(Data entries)

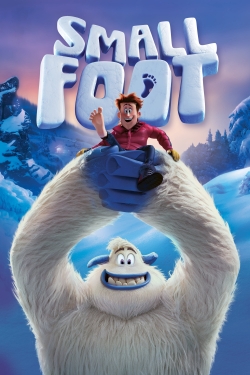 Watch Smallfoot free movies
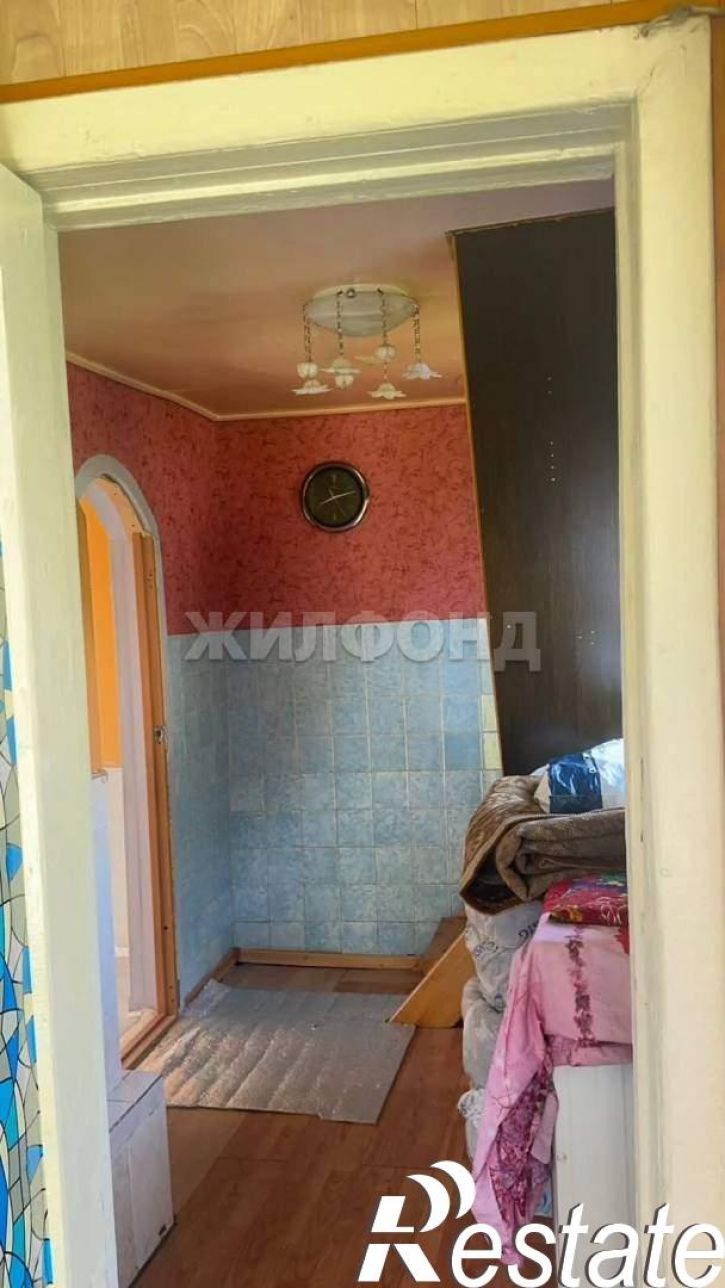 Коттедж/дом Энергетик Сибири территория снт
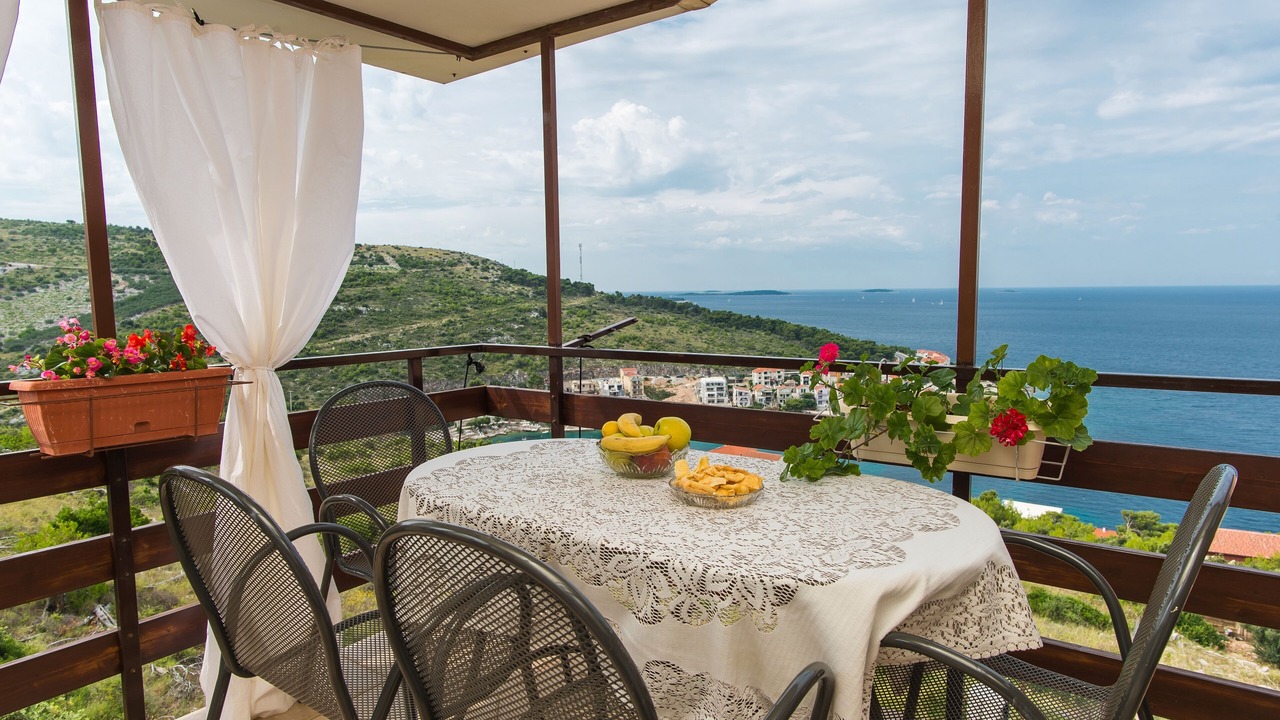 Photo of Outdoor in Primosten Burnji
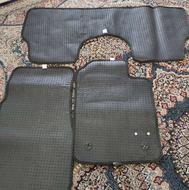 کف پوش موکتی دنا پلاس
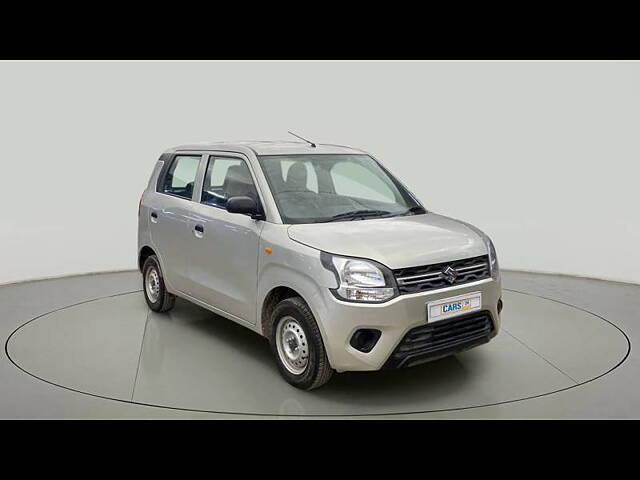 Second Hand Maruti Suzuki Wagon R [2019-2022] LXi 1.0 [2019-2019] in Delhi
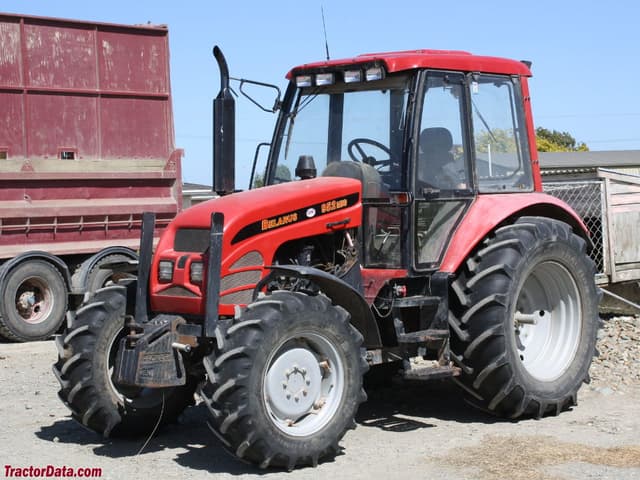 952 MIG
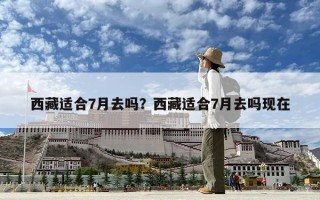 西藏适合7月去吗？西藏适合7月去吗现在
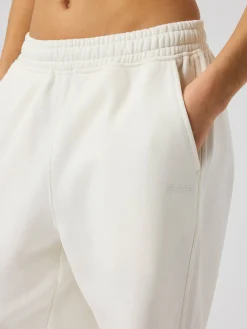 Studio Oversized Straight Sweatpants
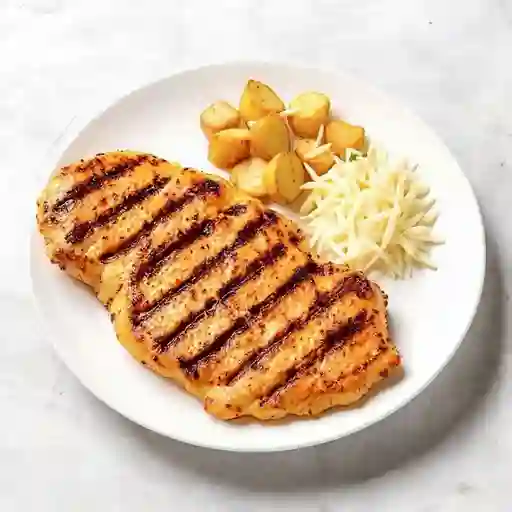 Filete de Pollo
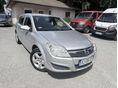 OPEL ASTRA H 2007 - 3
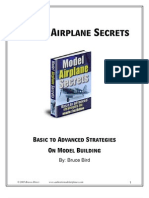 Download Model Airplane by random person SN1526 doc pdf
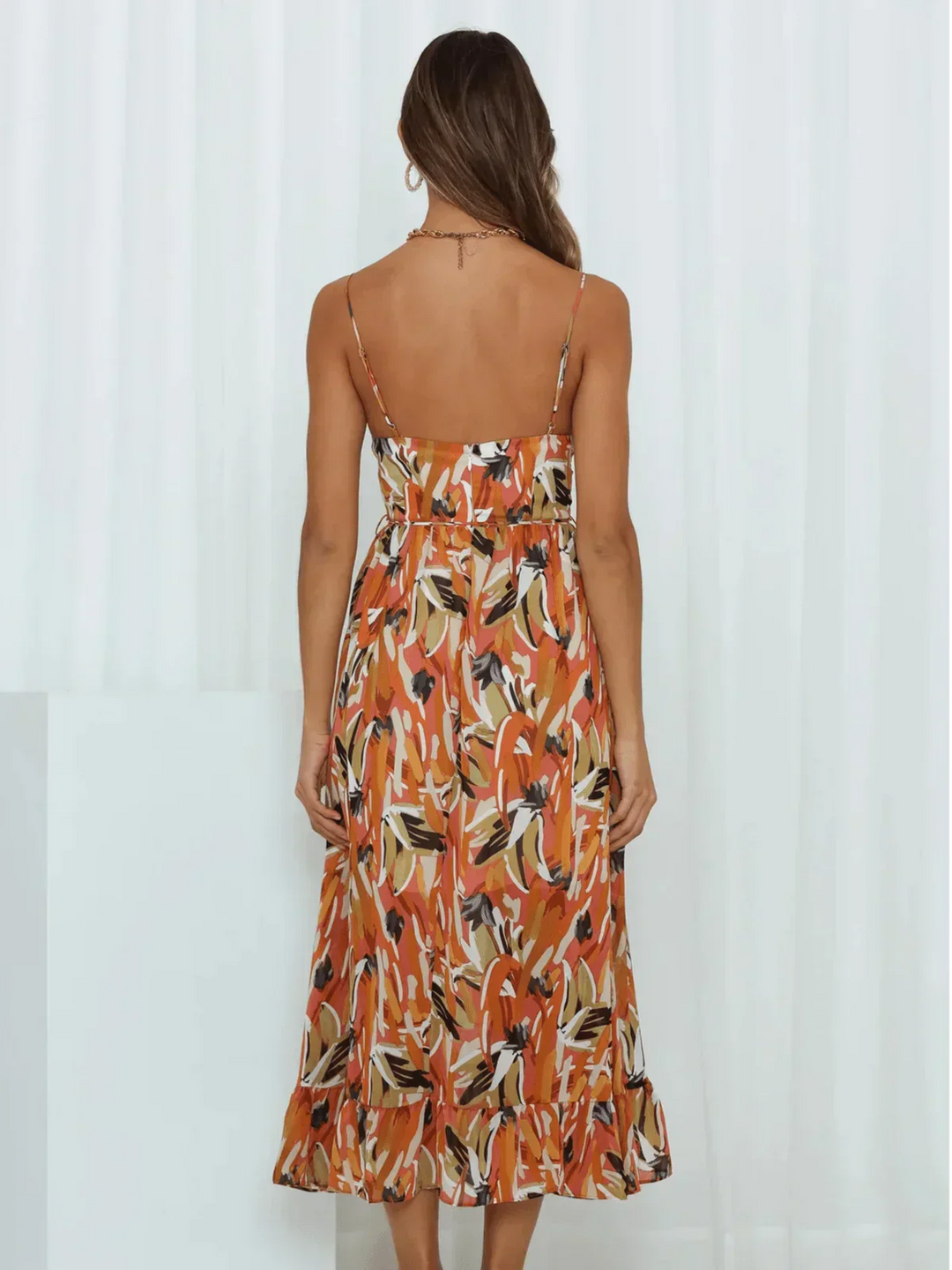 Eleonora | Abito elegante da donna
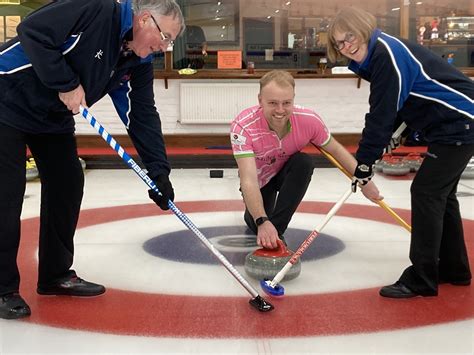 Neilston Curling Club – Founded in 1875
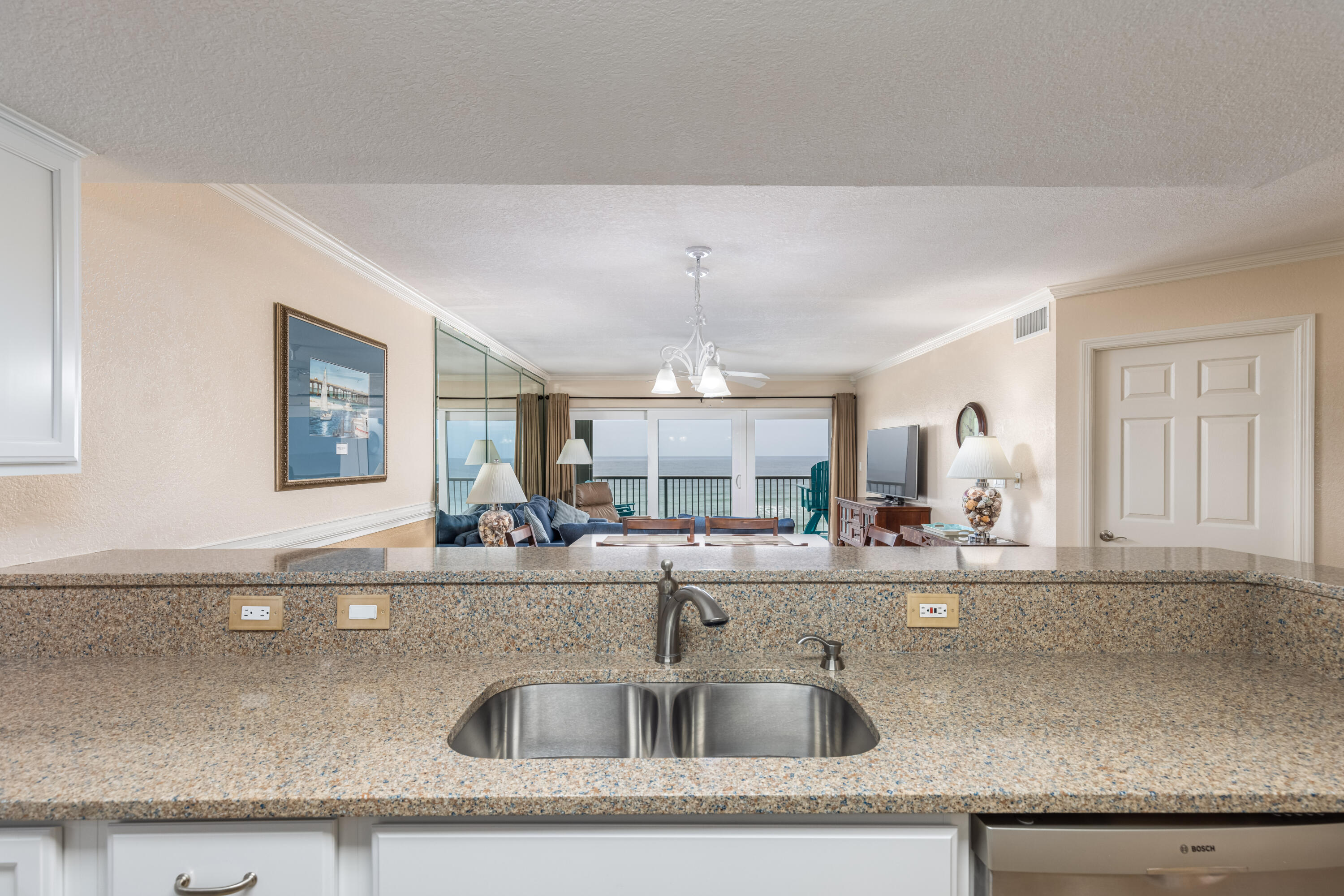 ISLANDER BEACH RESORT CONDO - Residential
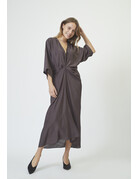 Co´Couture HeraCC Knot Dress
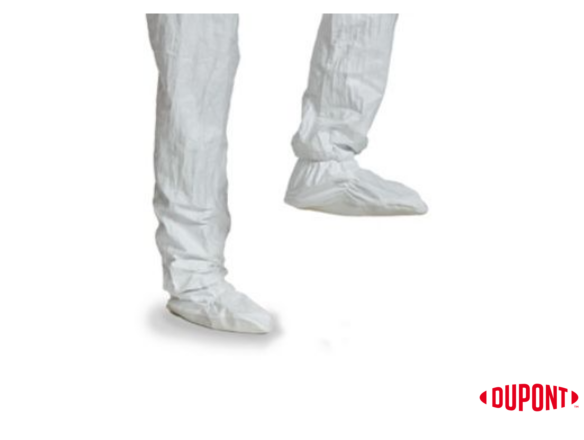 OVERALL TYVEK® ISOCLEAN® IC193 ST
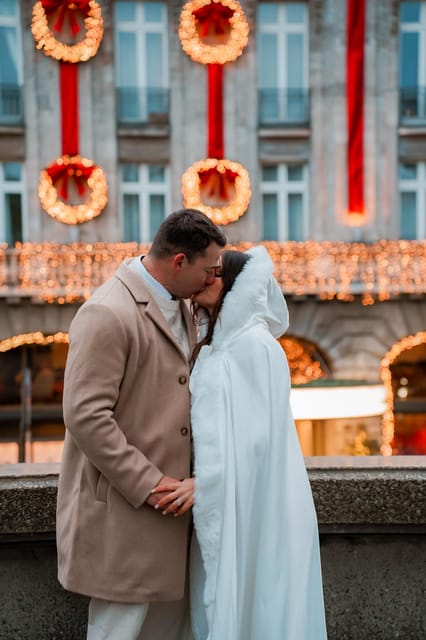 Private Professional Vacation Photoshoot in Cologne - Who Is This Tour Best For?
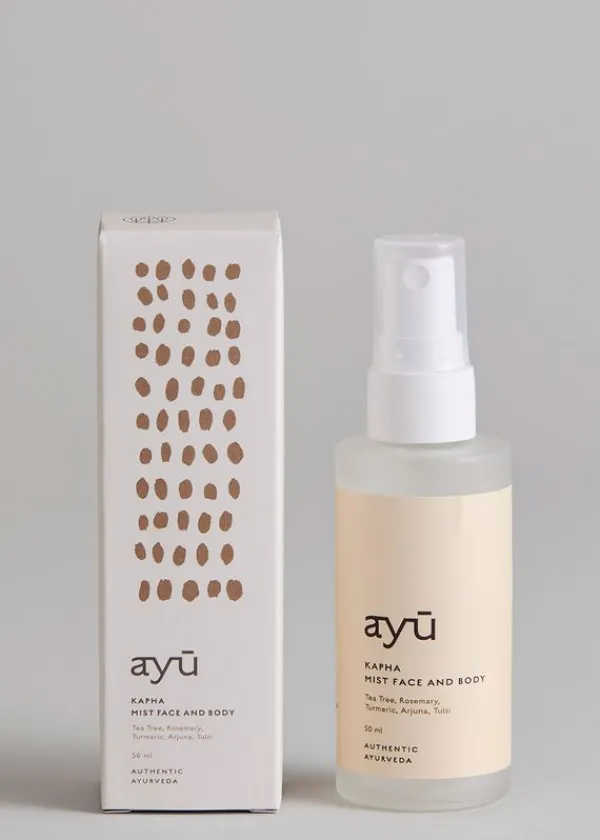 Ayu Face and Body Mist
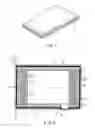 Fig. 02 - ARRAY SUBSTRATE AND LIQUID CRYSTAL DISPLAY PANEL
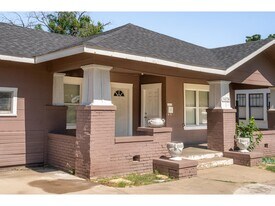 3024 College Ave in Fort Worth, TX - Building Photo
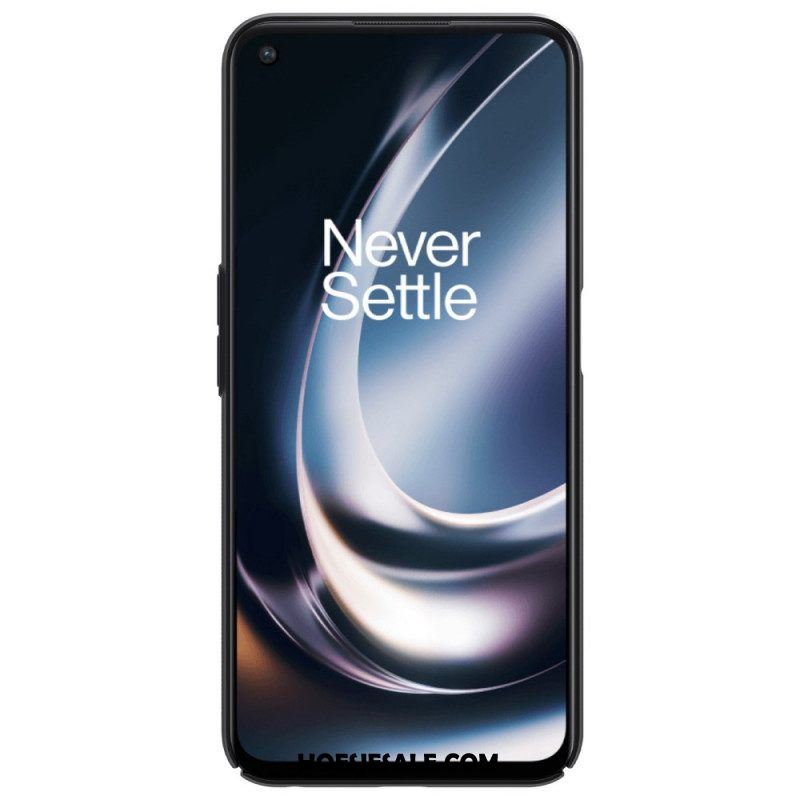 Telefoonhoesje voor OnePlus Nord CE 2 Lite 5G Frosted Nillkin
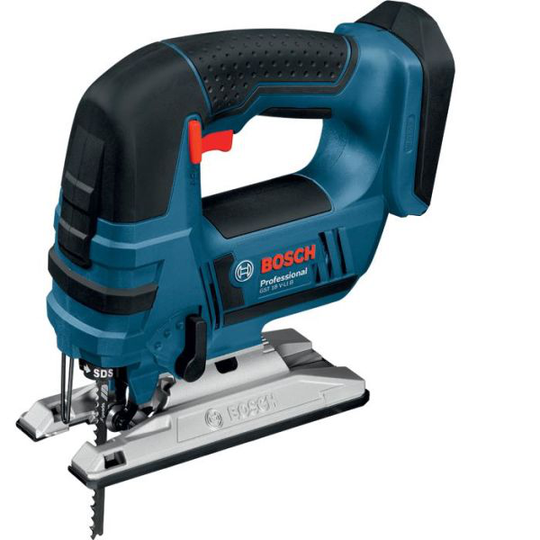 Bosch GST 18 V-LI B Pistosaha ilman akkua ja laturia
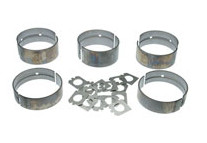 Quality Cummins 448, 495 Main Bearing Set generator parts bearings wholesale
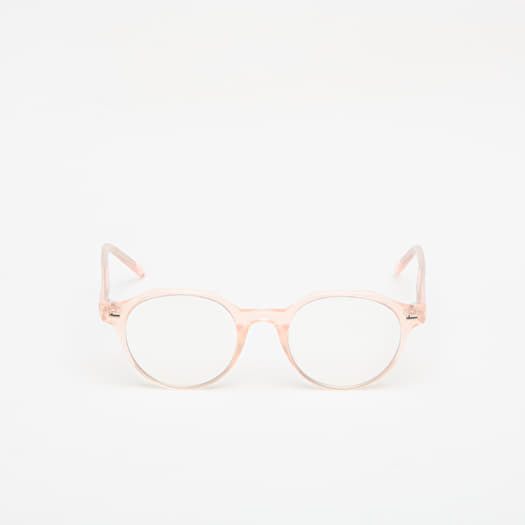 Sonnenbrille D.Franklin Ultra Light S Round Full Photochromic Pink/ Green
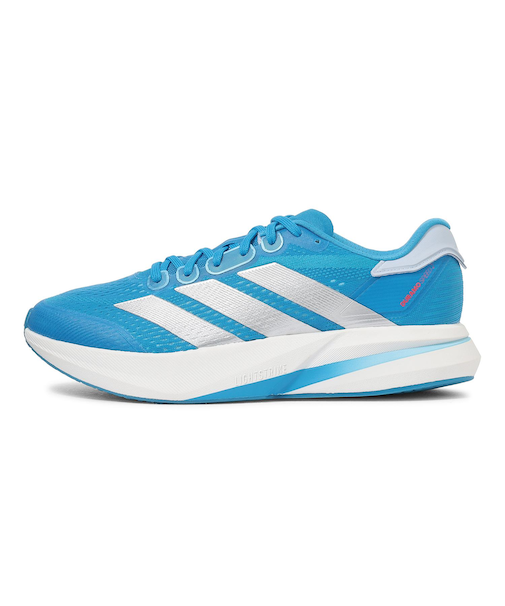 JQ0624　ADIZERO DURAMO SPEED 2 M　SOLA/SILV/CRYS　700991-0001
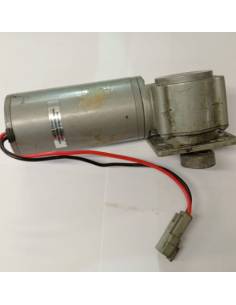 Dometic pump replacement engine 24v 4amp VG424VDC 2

• [Assignment]: Quote, without alteration, the lines running from the line containing "Ayu Face and Body Mist" to the last line of the entries, and include no pictures.

• [Response]:
 Ayu Face and Body Mist
 Fig. 02 - ARRAY SUBSTRATE AND LIQUID CRYSTAL DISPLAY PANEL
 3024 College Ave in Fort Worth, TX - Building Photo
 Telefoonhoesje voor OnePlus Nord CE 2 Lite 5G Frosted Nillkin
 Bosch GST 18 V-LI B Pistosaha ilman akkua ja laturia
 Quality Cummins 448, 495 Main Bearing Set generator parts bearings wholesale
 Sonnenbrille D.Franklin Ultra Light S Round Full Photochromic Pink/ Green
 JQ0624　ADIZERO DURAMO SPEED 2 M　SOLA/SILV/CRYS　700991-0001
 Dometic pump replacement engine 24v 4amp VG424VDC 2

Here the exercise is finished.